With that, the dehumanizing process of a layoff took hold. Ehrenkranz preserved what she could before she lost access to the company’s Slack archive and email servers, but in her fugue state, failed to hold on to a handful of contacts that might have come in handy during the unemployment that awaited her. She contended with the delirium in some of the few ways anyone knows how: She cried, she went grocery shopping, and she considered (but ultimately declined) a commiseratory happy hour with her fellow discharged compatriots. Mostly, Ehrenkranz felt profoundly vulnerable, and, more crucially, like the only thing she really felt like talking about was her termination—the particularities of its humiliation, the open question of what came next, and so on. So, a year after her ousting ,Ehrenkranz started Laid Off, a Substack newsletter that aimed to give the world’s recently furloughed population an opportunity to say their piece.

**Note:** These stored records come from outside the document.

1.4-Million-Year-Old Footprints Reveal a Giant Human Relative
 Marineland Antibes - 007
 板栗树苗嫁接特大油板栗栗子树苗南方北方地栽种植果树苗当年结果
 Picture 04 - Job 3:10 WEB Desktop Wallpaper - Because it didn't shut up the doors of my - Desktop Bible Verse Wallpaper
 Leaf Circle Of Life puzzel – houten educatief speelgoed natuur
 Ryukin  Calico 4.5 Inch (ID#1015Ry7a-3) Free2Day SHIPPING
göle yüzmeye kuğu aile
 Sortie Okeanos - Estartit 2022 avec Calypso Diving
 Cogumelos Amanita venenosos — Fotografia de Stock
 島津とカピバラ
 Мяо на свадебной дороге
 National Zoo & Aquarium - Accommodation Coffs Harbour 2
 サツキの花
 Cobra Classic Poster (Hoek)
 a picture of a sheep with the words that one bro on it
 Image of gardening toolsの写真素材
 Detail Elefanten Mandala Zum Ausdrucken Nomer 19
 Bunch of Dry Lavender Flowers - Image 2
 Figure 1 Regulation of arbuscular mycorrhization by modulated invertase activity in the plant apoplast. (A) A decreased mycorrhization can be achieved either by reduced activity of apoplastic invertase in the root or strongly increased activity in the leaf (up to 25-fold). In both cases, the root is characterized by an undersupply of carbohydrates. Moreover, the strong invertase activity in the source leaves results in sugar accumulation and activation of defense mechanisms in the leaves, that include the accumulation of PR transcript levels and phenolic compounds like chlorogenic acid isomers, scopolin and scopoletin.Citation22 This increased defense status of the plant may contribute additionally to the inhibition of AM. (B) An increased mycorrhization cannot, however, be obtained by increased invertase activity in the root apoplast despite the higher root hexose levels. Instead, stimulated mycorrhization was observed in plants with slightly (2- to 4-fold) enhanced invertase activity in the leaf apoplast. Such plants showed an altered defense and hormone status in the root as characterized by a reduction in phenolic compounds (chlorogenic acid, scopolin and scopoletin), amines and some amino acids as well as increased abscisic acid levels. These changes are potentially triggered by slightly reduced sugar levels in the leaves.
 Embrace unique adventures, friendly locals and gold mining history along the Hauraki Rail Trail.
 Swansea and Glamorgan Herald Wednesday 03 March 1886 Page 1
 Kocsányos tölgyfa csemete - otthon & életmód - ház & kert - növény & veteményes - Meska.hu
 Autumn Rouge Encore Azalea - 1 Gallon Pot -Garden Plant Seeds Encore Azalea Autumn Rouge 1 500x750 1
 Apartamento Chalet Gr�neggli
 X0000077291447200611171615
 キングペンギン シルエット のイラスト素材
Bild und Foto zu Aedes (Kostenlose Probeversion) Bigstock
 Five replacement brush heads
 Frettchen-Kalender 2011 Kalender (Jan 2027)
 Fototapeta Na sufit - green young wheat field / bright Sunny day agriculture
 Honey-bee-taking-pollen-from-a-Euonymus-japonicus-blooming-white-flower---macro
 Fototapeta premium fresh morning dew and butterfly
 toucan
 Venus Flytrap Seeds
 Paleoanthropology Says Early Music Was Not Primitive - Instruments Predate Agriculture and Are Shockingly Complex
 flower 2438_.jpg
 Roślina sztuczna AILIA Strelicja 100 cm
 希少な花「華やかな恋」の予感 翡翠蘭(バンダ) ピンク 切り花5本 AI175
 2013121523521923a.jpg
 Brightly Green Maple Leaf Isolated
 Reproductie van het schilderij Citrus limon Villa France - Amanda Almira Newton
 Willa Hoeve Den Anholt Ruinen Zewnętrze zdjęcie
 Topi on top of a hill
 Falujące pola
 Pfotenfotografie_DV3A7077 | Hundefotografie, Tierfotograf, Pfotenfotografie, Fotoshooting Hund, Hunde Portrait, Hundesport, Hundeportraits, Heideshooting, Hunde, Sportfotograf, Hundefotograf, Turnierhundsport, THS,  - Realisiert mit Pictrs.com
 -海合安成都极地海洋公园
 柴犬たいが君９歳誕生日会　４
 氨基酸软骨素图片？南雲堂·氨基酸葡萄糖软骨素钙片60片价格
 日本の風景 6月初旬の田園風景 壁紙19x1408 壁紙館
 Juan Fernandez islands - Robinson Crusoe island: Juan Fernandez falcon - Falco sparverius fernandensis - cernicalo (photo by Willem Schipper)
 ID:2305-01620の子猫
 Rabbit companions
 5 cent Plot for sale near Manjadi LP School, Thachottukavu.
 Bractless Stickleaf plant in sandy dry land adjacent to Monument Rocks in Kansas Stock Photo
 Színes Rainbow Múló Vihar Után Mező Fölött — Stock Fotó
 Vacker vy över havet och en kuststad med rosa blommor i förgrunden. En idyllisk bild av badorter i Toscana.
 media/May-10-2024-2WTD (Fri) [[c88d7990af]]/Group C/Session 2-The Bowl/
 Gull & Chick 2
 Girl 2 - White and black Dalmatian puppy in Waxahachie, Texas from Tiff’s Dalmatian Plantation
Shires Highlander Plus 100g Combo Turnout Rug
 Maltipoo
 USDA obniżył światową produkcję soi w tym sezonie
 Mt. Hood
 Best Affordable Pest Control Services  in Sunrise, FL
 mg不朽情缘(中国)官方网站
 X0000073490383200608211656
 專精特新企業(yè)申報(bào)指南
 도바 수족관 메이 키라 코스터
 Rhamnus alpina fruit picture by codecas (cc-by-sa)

“I remember thinking, ‘There’s not a central place where people are talking about layoffs in a way that is specifically for people going through this,’ ” she told me. “It sparked an idea. It was something that I would’ve wanted, and what my friend would have wanted.”

Laid Off’s format is straightforward. Every week or so, Ehrenkranz publishes an interview with someone—a web engineer, a reporter, or increasingly often, a public servant—who has recently been pink-slipped by their former employer. (She found her first sources through, naturally, LinkedIn.) The conversations she has are similar to the ones she had in her own personal group chat after her layoff. She allows her subjects to vent about the indignities they’ve suffered with vibrant outrage: One copywriter recalled being shown the door on his 26th birthday; a production manager opined about getting locked out of her work computer on the last night of her vacation in Mexico. Ehrenkranz threads these conversations with screenshots from the subject’s post-layoff group chats, which makes their venting all the more visceral. One post chronicles all the different titles the newly unemployed have given those chats. They include “Broke Bitches,” “Xooglers,” and “The Departed.” Elsewhere, though, the interviewees express their more material anxieties about the instability they’ve just inherited. How does a layoff affect your ability to keep up with your mortgage? How will it impact your loved ones when you happen to be the breadwinner in your family?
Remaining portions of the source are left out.